▸ YOUR INSTRUCTIONS:
Go through the entries below and print, exactly, the lines starting at the one with "K&ouml;nnte beinhalten: Eine" and ending at the one with "A wooden table", keeping both ends and no others.

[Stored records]

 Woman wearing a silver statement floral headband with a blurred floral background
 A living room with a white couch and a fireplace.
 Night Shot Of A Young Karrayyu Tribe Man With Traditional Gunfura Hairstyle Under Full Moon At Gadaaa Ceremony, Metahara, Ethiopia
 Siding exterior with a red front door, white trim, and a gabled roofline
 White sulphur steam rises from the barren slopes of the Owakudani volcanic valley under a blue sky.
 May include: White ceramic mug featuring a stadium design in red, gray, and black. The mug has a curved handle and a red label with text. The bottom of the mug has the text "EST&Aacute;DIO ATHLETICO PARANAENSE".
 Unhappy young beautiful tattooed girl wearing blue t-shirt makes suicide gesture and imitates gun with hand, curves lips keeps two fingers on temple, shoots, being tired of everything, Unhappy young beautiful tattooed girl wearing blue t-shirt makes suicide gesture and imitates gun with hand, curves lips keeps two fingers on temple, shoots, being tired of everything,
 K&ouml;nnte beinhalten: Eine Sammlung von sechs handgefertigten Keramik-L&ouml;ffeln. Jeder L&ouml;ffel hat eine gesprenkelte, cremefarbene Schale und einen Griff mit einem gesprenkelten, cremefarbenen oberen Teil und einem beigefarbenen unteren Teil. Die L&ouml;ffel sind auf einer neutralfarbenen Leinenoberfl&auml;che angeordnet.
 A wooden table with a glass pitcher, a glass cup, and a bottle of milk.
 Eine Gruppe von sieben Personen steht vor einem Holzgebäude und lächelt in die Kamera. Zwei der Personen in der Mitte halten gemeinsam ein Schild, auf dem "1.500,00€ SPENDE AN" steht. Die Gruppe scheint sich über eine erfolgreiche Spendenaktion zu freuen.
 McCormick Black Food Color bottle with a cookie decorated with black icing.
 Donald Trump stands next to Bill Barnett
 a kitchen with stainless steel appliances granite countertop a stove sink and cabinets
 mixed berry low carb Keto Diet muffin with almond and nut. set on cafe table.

▸ SOLUTION:
 K&ouml;nnte beinhalten: Eine Sammlung von sechs handgefertigten Keramik-L&ouml;ffeln. Jeder L&ouml;ffel hat eine gesprenkelte, cremefarbene Schale und einen Griff mit einem gesprenkelten, cremefarbenen oberen Teil und einem beigefarbenen unteren Teil. Die L&ouml;ffel sind auf einer neutralfarbenen Leinenoberfl&auml;che angeordnet.
 A wooden table with a glass pitcher, a glass cup, and a bottle of milk.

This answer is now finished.